Copy out the records precisely, omitting pictures.

* [SOURCE DATA]:

-=-=-=-=-

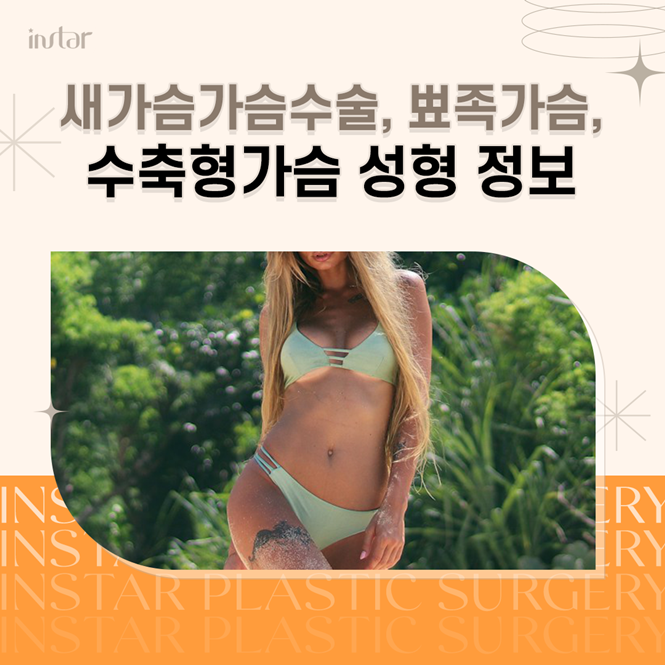  뾰족가슴, 수축형가슴,새가슴가슴수술 성형 정보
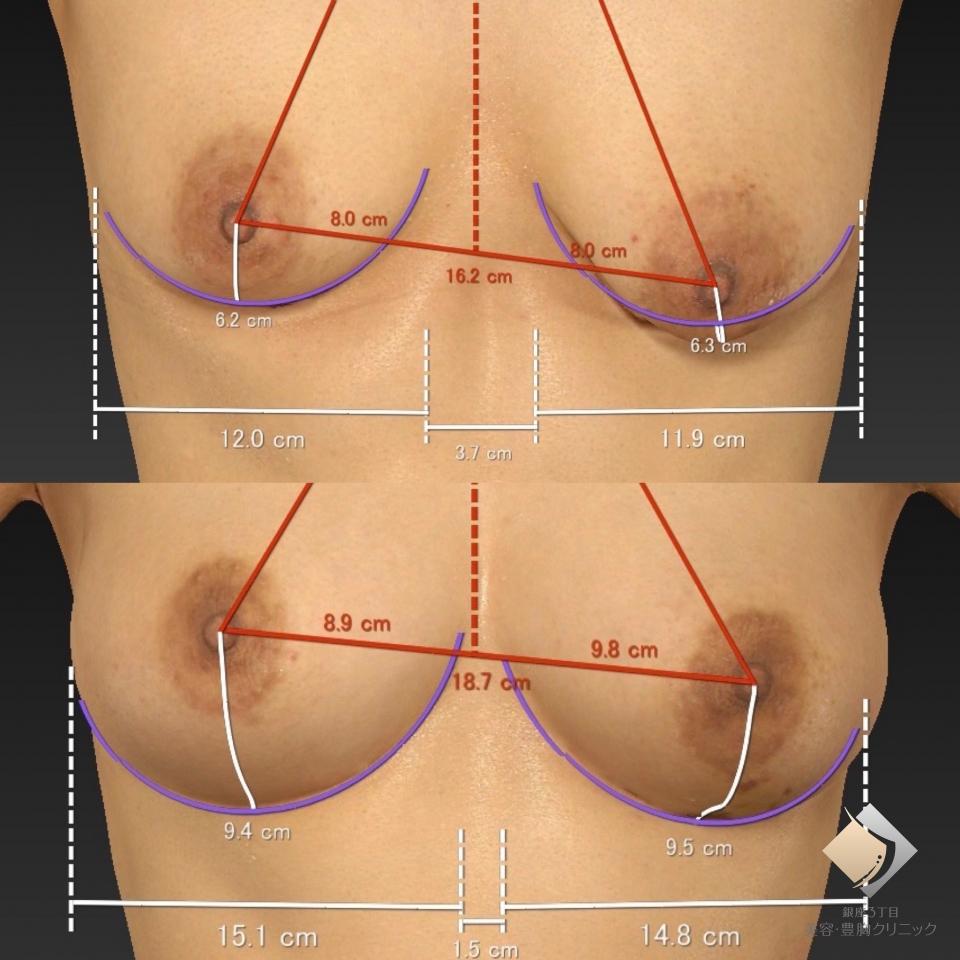 手術前後の乳房サイズ変化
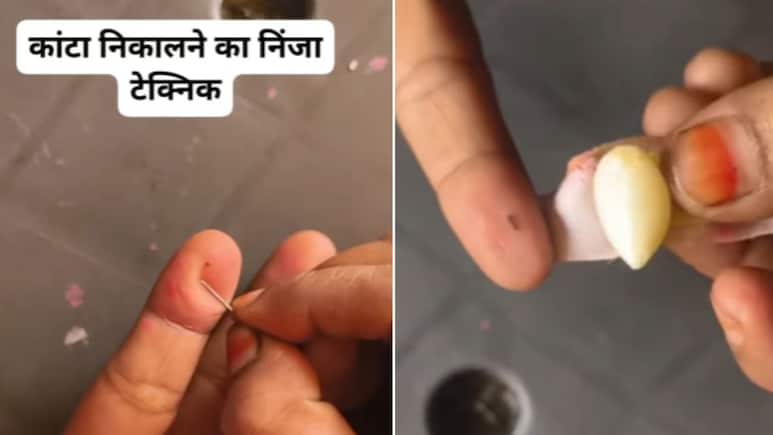 Kanta Nikalne Ki Trick: कांटा निकालने की निंजा टेक्निक, न सुई... न दर्द, झट से निकल जाएगा कांटा, जानिए कैसे Kanta Nikalne Ki Trick: कांटा निकालने की निंजा टेक्निक, न सुई... न दर्द, झट से निकल जाएगा कांटा, जानिए कैसे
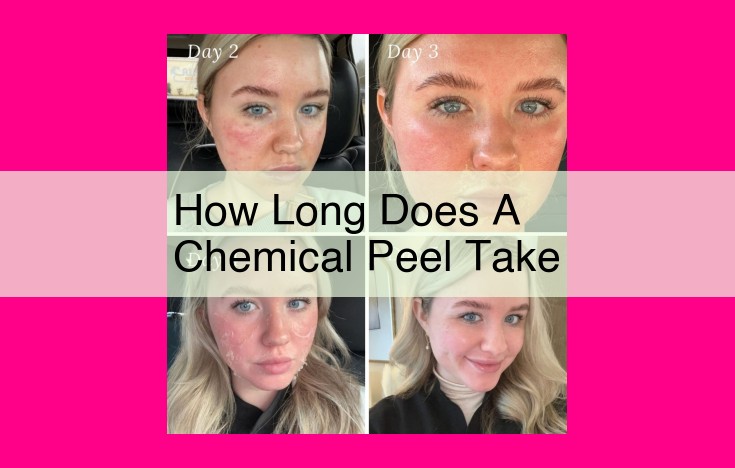 how long does a chemical peel take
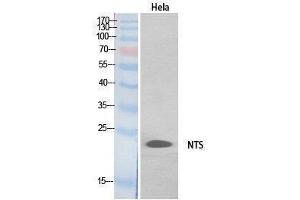 Western Blotting (WB) image for anti-Neurotensin (NTS) (Internal Region) antibody (ABIN3178551) (Neurotensin anticorps  (Internal Region))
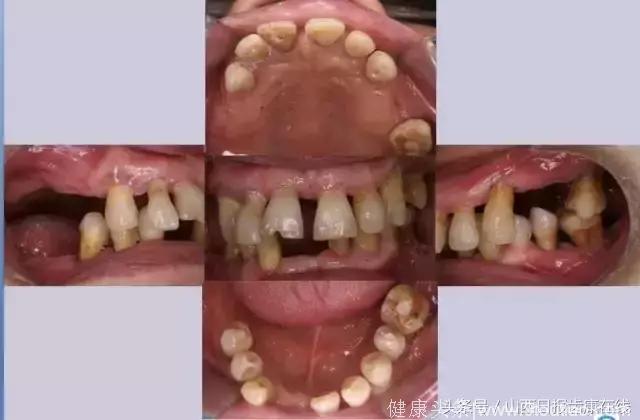 你的牙越来越松，知道原因吗？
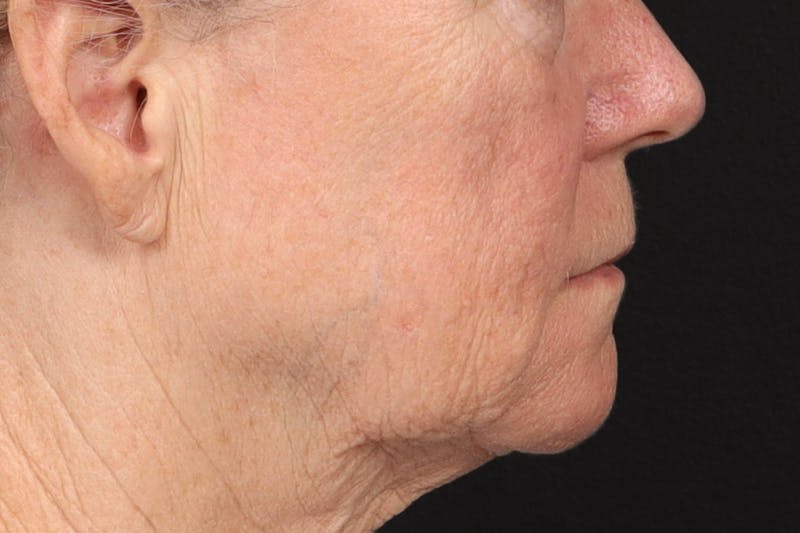 Lip Lift Before & After Gallery - Patient 287016 - Image 5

-=-=-=-=-

* [THE COMPLETED TASK]:
  뾰족가슴, 수축형가슴,새가슴가슴수술 성형 정보
 手術前後の乳房サイズ変化
 Kanta Nikalne Ki Trick: कांटा निकालने की निंजा टेक्निक, न सुई... न दर्द, झट से निकल जाएगा कांटा, जानिए कैसे Kanta Nikalne Ki Trick: कांटा निकालने की निंजा टेक्निक, न सुई... न दर्द, झट से निकल जाएगा कांटा, जानिए कैसे
 how long does a chemical peel take
 Western Blotting (WB) image for anti-Neurotensin (NTS) (Internal Region) antibody (ABIN3178551) (Neurotensin anticorps  (Internal Region))
 你的牙越来越松，知道原因吗？
 Lip Lift Before & After Gallery - Patient 287016 - Image 5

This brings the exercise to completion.